Questo testo risale all’ottobre del 1912 ed è tratto dalla relazione dell’ispettore – scusate l’emozione, ogni volta è così – dell’ispettorato del Congresso americano sugli immigrati italiani negli Stati Uniti d’America. E quando io lo leggo, mi sembra di vedere il ghetto di Borgo Mezzanone, che io conosco molto bene.
Questo per dire che la storia ci insegna moltissimo e che i fenomeni migratori appartengono alla nostra storia, e non ci sarà mai modo di fermarli.
Noi, nel nostro ordinamento, abbiamo un quadro legislativo sull’immigrazione che regola le immigrazioni economiche per entrare nel nostro paese, pasticciato per essere benevoli, ostico perché è complice di irregolarità e di fenomeni di sfruttamento. Il Testo Unico del 1998 è stato più volte rimaneggiato con la legge Bossi-Fini e, negli ultimi anni, una serie di interventi con un approccio prevalentemente securitario, con l’idea di ordine pubblico, con un’attenzione soltanto alle politiche migratorie e mai all’inclusione e all’integrazione.
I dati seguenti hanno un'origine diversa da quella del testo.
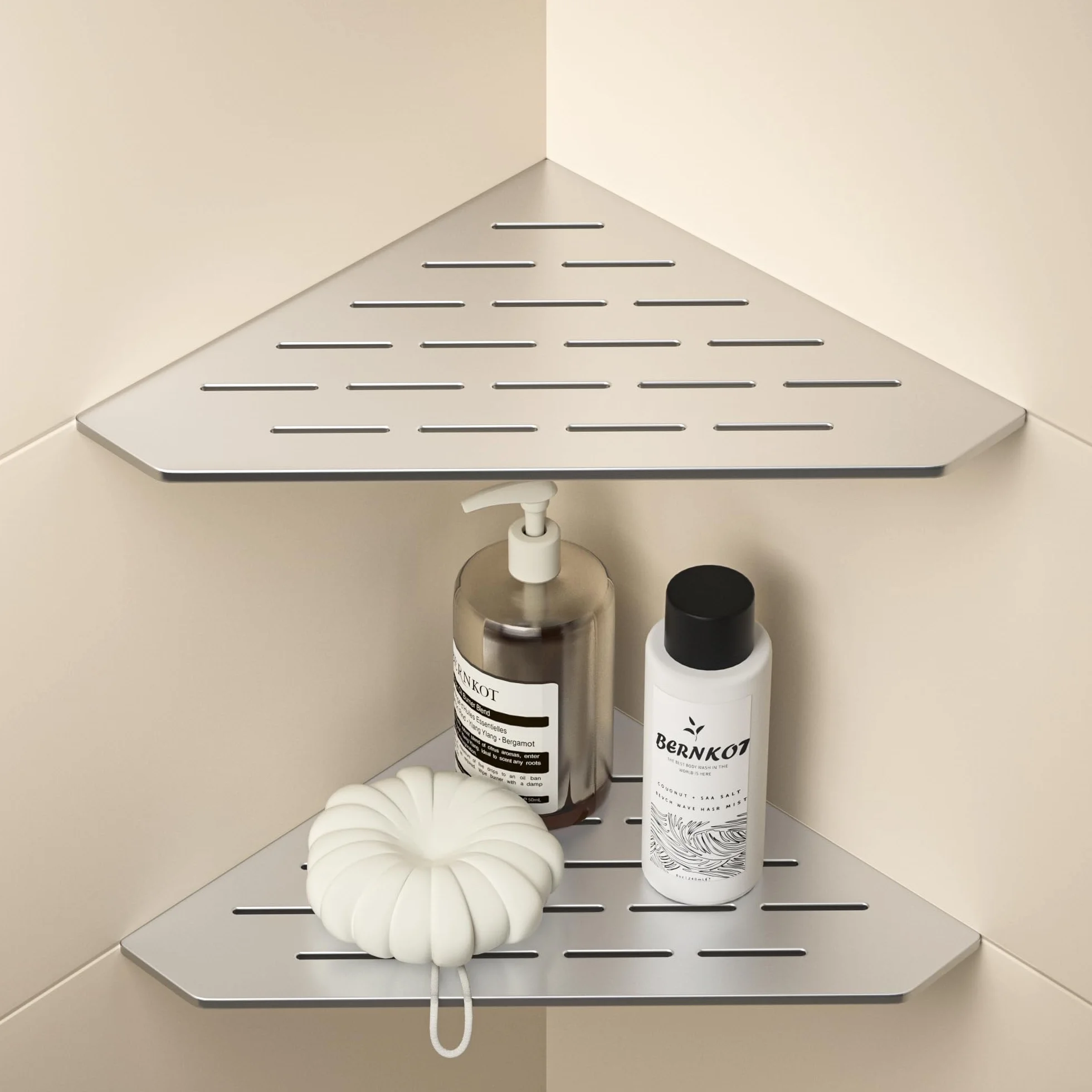 Estantería de esquina para ducha con 3 mm de grosor, estante de esquina pentagonal de alta resistencia para ducha, estante de baño empotrado para paredes de azulejos, estante de ducha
C’è un sistema che regola l’ingresso per motivi economici nel nostro paese a dir poco ipocrita. Tutto funziona attraverso due passaggi: c’è un provvedimento triennale di programmazione e poi, su questa programmazione triennale, si inseriscono i famosi decreti flussi che stabiliscono un numero di migranti che possono entrare nel nostro paese a lavorare con un contratto di lavoro subordinato, stagionale o autonomo.
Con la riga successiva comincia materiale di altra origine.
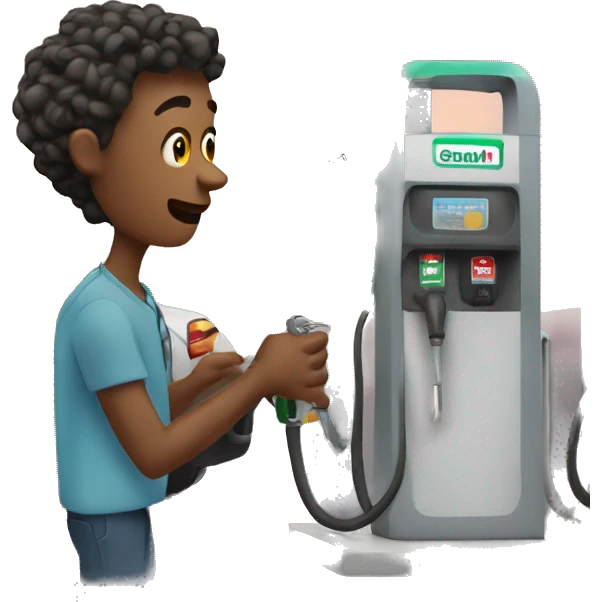 A person is refueling at a gas station. emoji
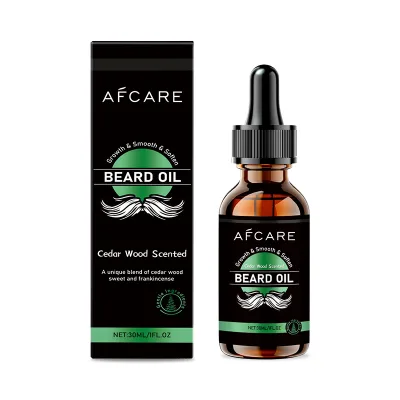 Private Label Men's Cedarwood Beard Oil 100% Organic Vegan Fast Nourishing Healthy Beard Growth Oil for Men's Grooming Care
A fronte di una domanda altissima in quei settori dove ormai gli italiani non vogliono più lavorare – e non è soltanto l’agricoltura, ma anche la logistica, l’edilizia, il lavoro di cura – questi lavoratori fingiamo che non siano presenti nel nostro paese. Per cui si avvia il famoso “click day”: il datore di lavoro fa la richiesta, ma in realtà questi lavoratori sono già presenti nel nostro paese in maniera irregolare. Una volta ottenuta l’autorizzazione dagli uffici, questi lavoratori devono andare nel loro paese per ottenere il visto. Molto spesso pagano, perché c’è tantissima corruzione nei loro paesi. Ritornano nel nostro paese e fingono di iniziare a lavorare per la prima volta. È questo il sistema, naturalmente in estrema sintesi.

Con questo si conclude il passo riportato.